RECORDS FOR THIS EXERCISE ->
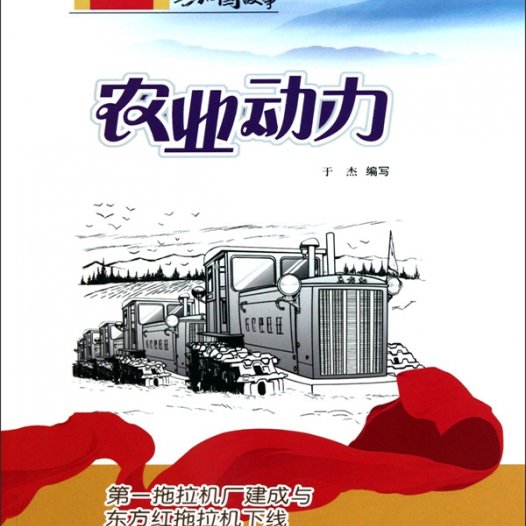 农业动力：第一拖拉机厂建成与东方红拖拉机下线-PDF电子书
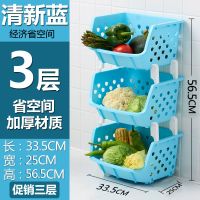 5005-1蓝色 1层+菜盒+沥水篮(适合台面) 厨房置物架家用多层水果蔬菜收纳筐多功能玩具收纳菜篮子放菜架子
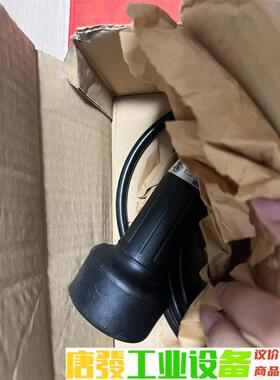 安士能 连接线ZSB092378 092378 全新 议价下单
--
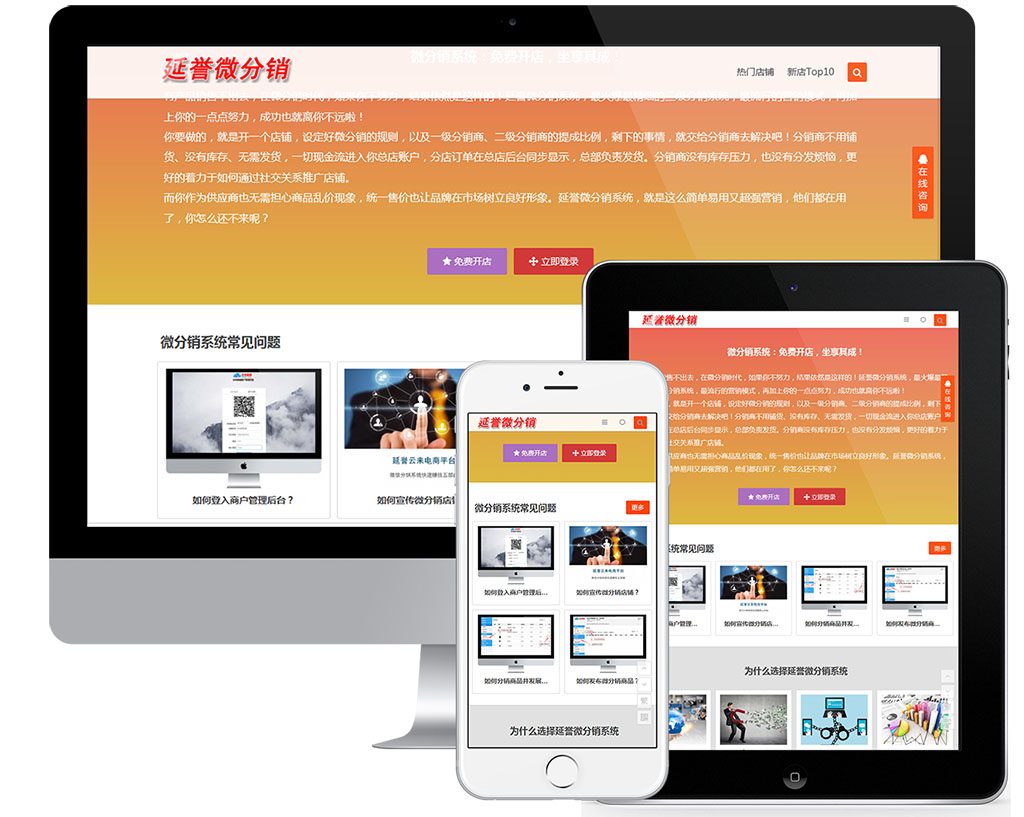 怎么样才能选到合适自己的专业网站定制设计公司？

WHAT THIS TASK INVOLVES ->
Leaving pictures out, output the lines of the data above from the one with "5005-1蓝色 1层+菜盒+沥水篮(适合台面) 厨房置物架家用多层水果蔬菜收纳筐多功能玩具收纳菜篮子放菜架子" through the one with "安士能 连接线ZSB092378 092378 全新 议价下单", word for word.

RESULT OF THIS EXERCISE ->
 5005-1蓝色 1层+菜盒+沥水篮(适合台面) 厨房置物架家用多层水果蔬菜收纳筐多功能玩具收纳菜篮子放菜架子
 安士能 连接线ZSB092378 092378 全新 议价下单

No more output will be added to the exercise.